The 1.4-litre petrol engine fitted here is one of Fiat's oldest units, so you won't be expecting too much in terms of efficiency - and you shouldn't. The WLTP-rated CO2 figure is 129g/km. And the WLTP combined cycle fuel figure is 42.2mpg. Insurance is at least quite cheap at group 9. Finally, a word about warranties. You get two years of manufacturer cover with this car, plus a further year from the dealer. Plus there's no mileage limitation, which makes this Fiat deal better than the restricted three year/60,000 mile package you get with rival Astra, Golf and Focus models. There's also a year of roadside assistance cover, a reasonable three year paintwork warranty and an eight-year anti-perforation guarantee.
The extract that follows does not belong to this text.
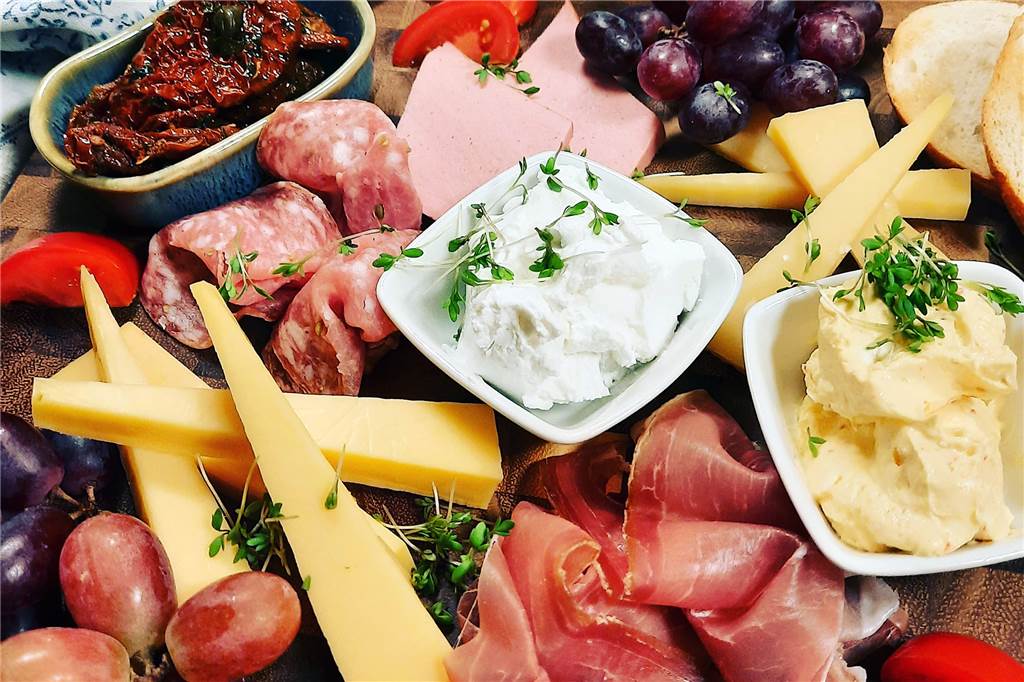 Die Halterner „Käsejule“: Gaby Knuth ist Käse-Sommelière So lecker kann man Käse- und Wurstplatten präsentieren.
To begin with, Tipo buyers here didn't get this Saloon body style in our market, but its addition to the Fiat UK portfolio now is a useful one. Badged as 'Aegea' in Turkey where it's made, this is a car you'd criticise for its budget feel if it cost the same as market rivals like the Toyota Corolla Saloon or the Mazda3 Saloon. But it doesn't. Around £14,000 seems ridiculously little for the amount of metal you're getting here. Fiat describes the Tipo as a 'Skills, no frills' model and, sure enough, that's exactly what you get. If that's exactly what you need from a new car and you like the idea of a compact yet spacious saloon, then this one's well worth a look.